An Update on Reimbursement for Vision Rehabilitation
The
necessity of an occupational therapist in your practice.
BY LYLAS MOGK, M.D.
Background on Blind Rehabilitation and Vision Rehabilitation
Rehabilitation for the blind and visually impaired got its jumpstart during World War II when young, newly blinded or visually impaired veterans needed jobs and life skills retraining. Blind rehabilitation moved into civilian life in the '60s with the onset of retinopathy of prematurity, in which premature babies were blinded by the oxygen that saved their lives. Blind rehabilitation services were provided through government and school programs, as well as by some private, nonprofit agencies. These services were conducted outside the medical system and the college- and university-trained professionals supplying them were not medically credentialed.

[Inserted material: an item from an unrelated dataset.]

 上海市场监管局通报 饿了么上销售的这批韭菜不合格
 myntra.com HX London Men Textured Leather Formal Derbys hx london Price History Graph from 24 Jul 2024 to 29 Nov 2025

Vision rehabilitation has come to the fore in the last decade as AMD dramatically changed the demographics of visual impairment and escalated the numbers dramatically. However, the existing system for rehabilitation of the blind and visually impaired was designed to serve small numbers of young, completely blind or severely visually impaired persons, whose needs are different from those of partially sighted seniors. Blind rehabilitation services often require legal blindness (20/200), which is not appropriate to those with gradual, progressive loss, who need rehabilitation as soon as function is impaired.
Gaining Medicare Coverage
This mismatch of services to needs prompted ophthalmologists to bring the emerging field of vision rehabilitation into rehabilitation medicine and gain Medicare coverage for it. In May of 2002, after a series of regional policies adopted between 1997 and 2002 had extended coverage to 28 states, CMS published a Memorandum in Vision Rehabilitation confirming vision rehabilitation as a covered service. Beneficiaries include those with acuities of 20/70 or less, central scotomas or field deficits. Services are provided by an occupational therapist by order of a physician or another individual working under the direct supervision of the physician and billing incident-to the physician. While anyone designated by the physician could provide rehabilitation services, including rehabilitation teachers (recently renamed vision rehabilitation therapists), orientation and mobility specialists, and even trained ophthalmic technicians, only occupational therapists could conduct the training in sites distant from the physician, for example in patients' homes.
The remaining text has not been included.